Stored data:

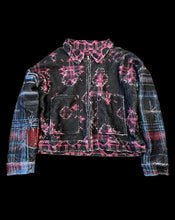 画像をギャラリービューアに読み込む, 細胞BOA COAT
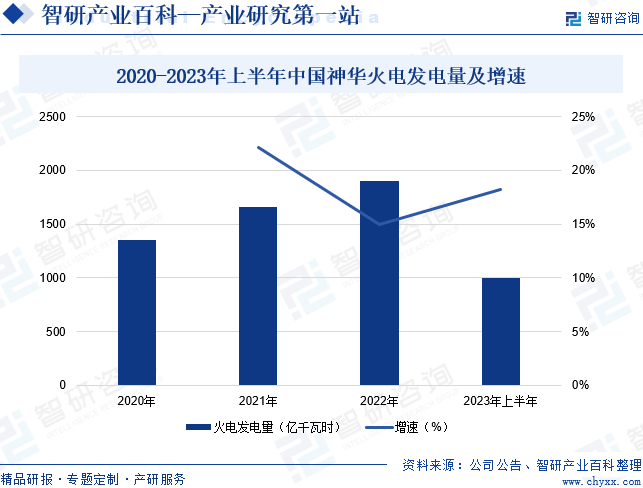 2020-2023年上半年中国神华火电发电量及增速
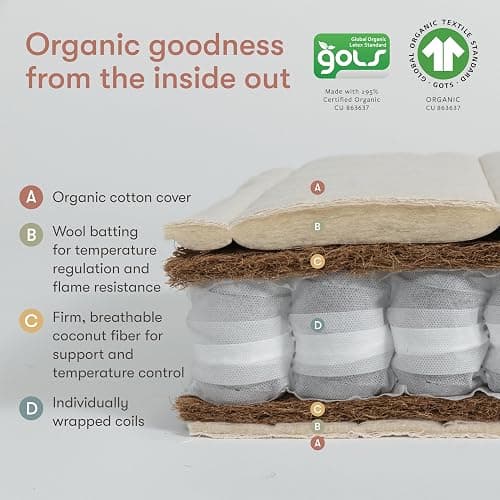 babyletto Avocado Baby Crib Mattress - GOTS, Made Safe, GREENGUARD Gold Certified - Dual Sided Infant & Toddler Mattress - Flippable & Breathable - ‎52 x 28.25 x 5.5 Inches for Standard Size Crib thumbnail 4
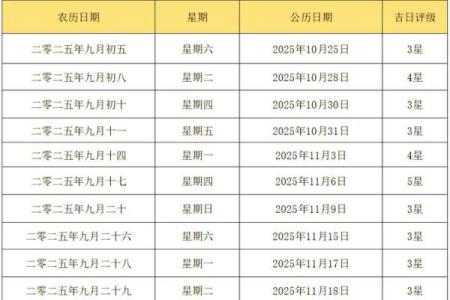 2025年6月黄道吉日查询 2025年6月结婚最佳日子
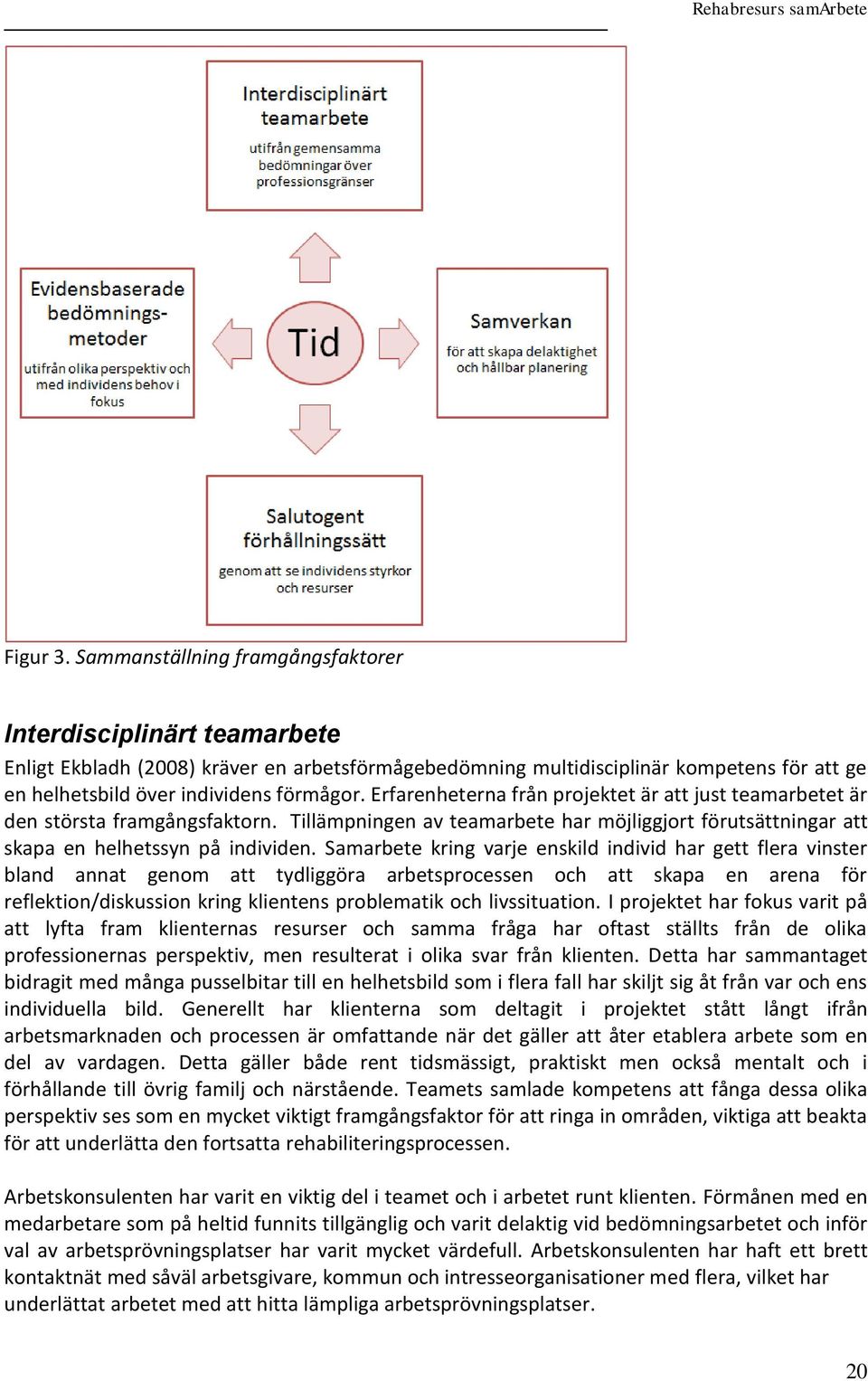 Erfarenheterna från projektet är att just teamarbetet är den största framgångsfaktorn. Tillämpningen av teamarbete har möjliggjort förutsättningar att skapa en helhetssyn på individen.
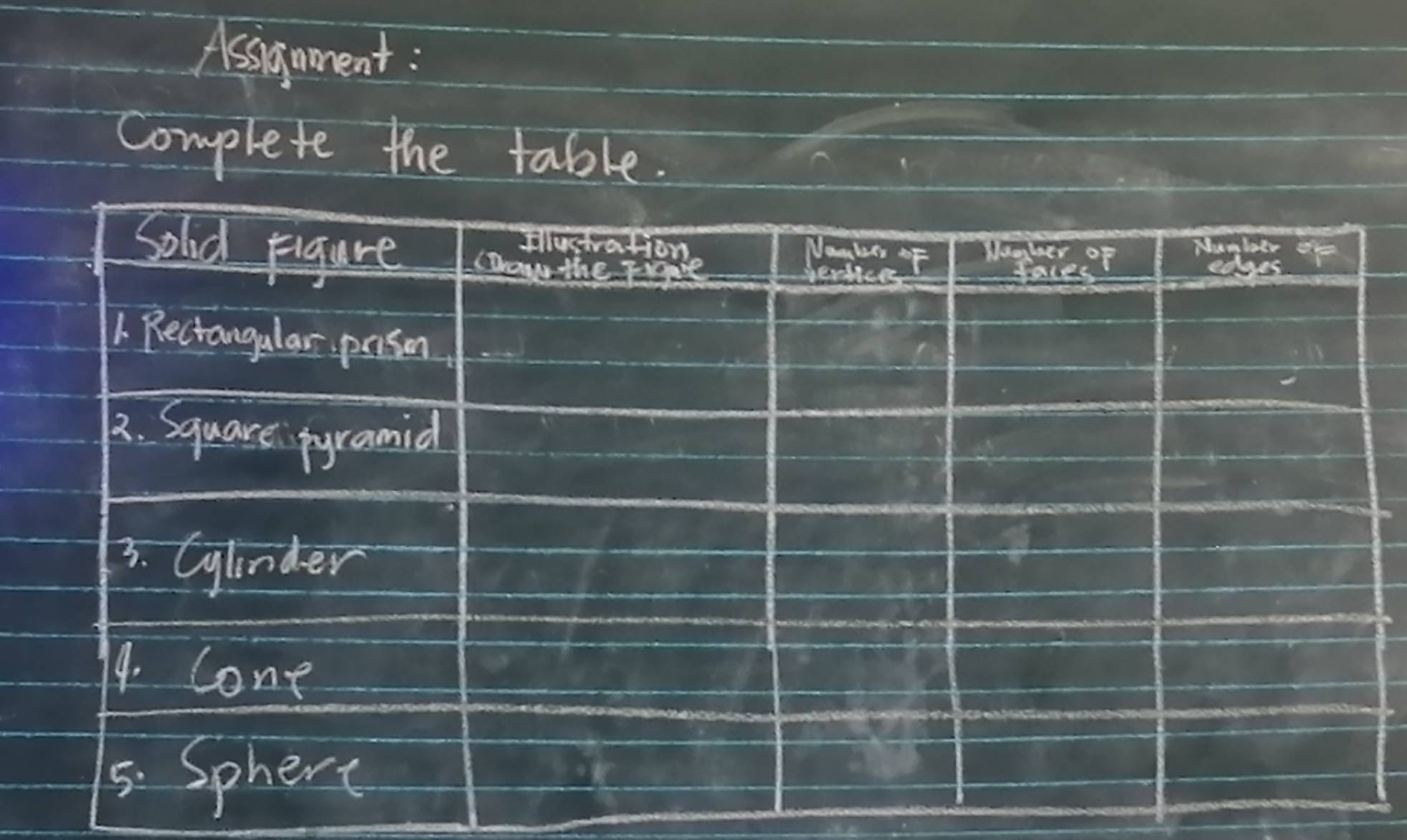 Assignment: 
Complete the table.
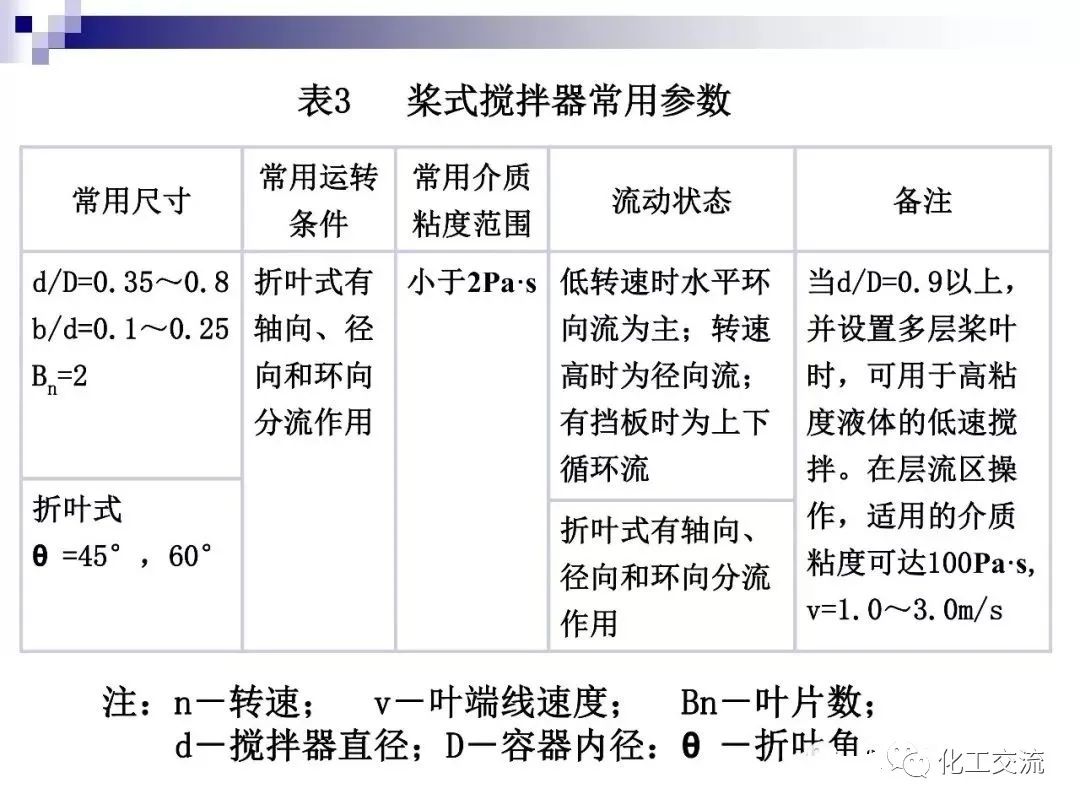 反应搅拌器的结构的图34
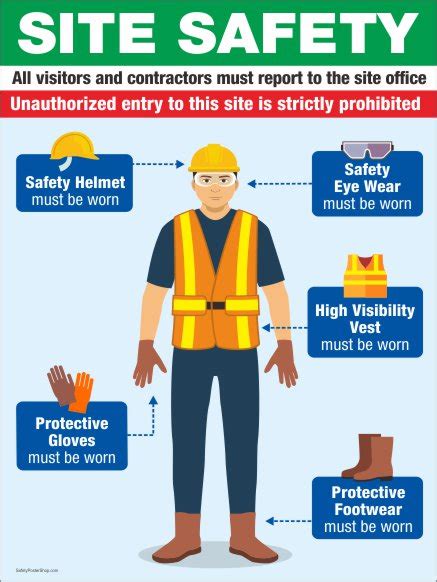 Site Safety 2 | Safety Poster Shop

About this exercise:
A word-for-word copy of the listing is the goal; keep every picture out of it.

Output of the task:
 画像をギャラリービューアに読み込む, 細胞BOA COAT
 2020-2023年上半年中国神华火电发电量及增速
 babyletto Avocado Baby Crib Mattress - GOTS, Made Safe, GREENGUARD Gold Certified - Dual Sided Infant & Toddler Mattress - Flippable & Breathable - ‎52 x 28.25 x 5.5 Inches for Standard Size Crib thumbnail 4
 2025年6月黄道吉日查询 2025年6月结婚最佳日子
 Erfarenheterna från projektet är att just teamarbetet är den största framgångsfaktorn. Tillämpningen av teamarbete har möjliggjort förutsättningar att skapa en helhetssyn på individen.
 Assignment: 
Complete the table.
 反应搅拌器的结构的图34
 Site Safety 2 | Safety Poster Shop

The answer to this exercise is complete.